Bespoke, which was founded by entrepreneur Akemi Tsunagawa in 2015, has located its international hub at the heart of the US’s digital economy in Silicon Valley.
It has taken on Tobias Wessels, former ADARA senior vice president of corporate strategy, as chief commercial officer to drive its expansion outside of Japan.
Bespoke works by providing a direct mobile communication channel to customers for firms and travel service providers that otherwise would not have one.
It has seen particular success in Japan working with airports and destination management organisations (DMOs) and tourist, convention and visitor bureaus.
It claims to be working with 100 of the world’s biggest travel companies and tourism organisations.
Bespoke works by providing its Bebot platform to clients which is then accessed by travellers when they log in to their public Wi-Fi.
Once permissions have been granted, the technology opens up a direct communication channel to the customer who can ask it anything and receive an instant answer.

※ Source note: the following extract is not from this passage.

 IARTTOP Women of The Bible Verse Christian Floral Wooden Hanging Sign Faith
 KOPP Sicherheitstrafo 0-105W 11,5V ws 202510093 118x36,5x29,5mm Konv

Clients like airports are using the technology to direct customers away from busy areas like long security queues, or directing users to the retail outlets they want.
Destinations are using it to disperse demand away from tourist hotspots and to provide on the spot information and recommendation for visitors to drive up spend.
Bespoke is also being used for crisis management by providing alerts and advice to travellers when flights are disrupted and as a way of driving up in-destination spend.
It can also provide much more immediate and precise feedback on customer satisfaction as users are actually experiencing the product or service.
Wessels said: “We enable our customers to build a direct connection to their customers and for the first time they can understand who are these people.
“We allow airports to understand how their customers are experiencing the airport so they can smooth the bottlenecks. That has huge operational benefits.
“When there’s flight disruption, how does an airport communicate with travellers?
“Airports can now get in front of those customers to allow them to flight information and directions, and help with hotel vouchers etc.
“Destinations’ mission is to drive in-market spend. In the past they have focused on travel marketing to bring more customer to destination.
“Our destination partners say to use we don’t want more customers we want more spend, so maybe instead of backpackers they want honeymooners.
“So they use the platform to drive incremental in-market spend. For the first time DMOs have been able to report back to hotels what in-market spend has been generated.
“DMOs and hotels are now working together to promote the bot because they want more spend in their restaurants and spas.”
Wessels said apps have been tried in the past to communicate direct to customers, but getting people to download them is expensive and difficult.
“What has been missing so far is a platform that’s device agnostic, app agnostic and privacy compliant,” he said.